Jared Arader, vice president at Lambda, said the club has known Gounardes at least as far back as 2010, when he worked with its members in organizing protests outside Golden’s office over his no vote on marriage. The issues at stake, Arader said, are ones “that members of our community will feel and that will have an impact on our lives.”

Rod Townsend, president of Stonewall, said, “We are urging our members to get down to Bay Ridge — by subway, ferry, however. Marty Golden is a prime example of why the Senate needs to be flipped.”

Jim Owles’ president Allen Roskoff, who termed Gounardes “a great guy” who will be a “terrific senator,” held back nothing in his assessment of the incumbent, saying, “Marty Golden is a dangerous demagogue who does our communities great harm. He’s horrendous for the LGBT community, women, immigrants, people of color, the poor, and for the criminal justice system.”

Gounardes boasted of a volunteer operation that had his office flooded with up to 75 people this past weekend, enabling the campaign to knock on 10,000 doors in the district. This Saturday, October 13, Lambda and Stonewall are hosting an LGBTQ Day of Action for Gounardes, and the following Friday evening, October 19, leading gay and lesbian elected officials including Council Speaker Corey Johnson and Brooklyn Councilmember Carlos Menchaca, Senator Brad Hoylman, and Assemblymembers Deborah Glick and Daniel O’Donnell are hosting a fundraiser for him in tandem with the gay clubs at Club Cumming in the East Village.

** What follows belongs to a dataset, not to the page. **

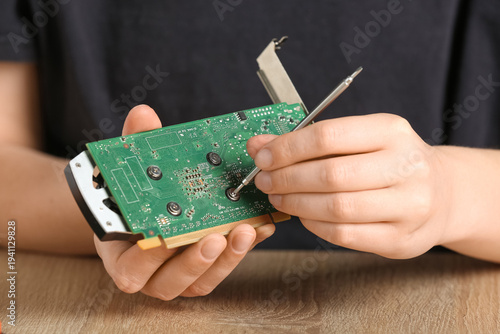Young woman dismantling vid...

The money from that event, coming on the heels of a fundraiser Governor Andrew Cuomo held for him this week, will come in handy. Gounardes has lagged behind Golden considerably all year in funds raised and on hand.

But the Democrat is confident of his ground game for Election Day, noting that while the greater the turnout in a district with a 2-1 Democratic advantage the better he should do, his campaign is not counting on a Blue Wave. In addition to volunteers, he pointed to unions — from building trades to teachers — who are supporting him after years of being in Golden’s corner. The sharp increase in voter registration in the district and in turnout in this year’s Democratic primary, however, are certainly welcome signs, Gounardes acknowledged.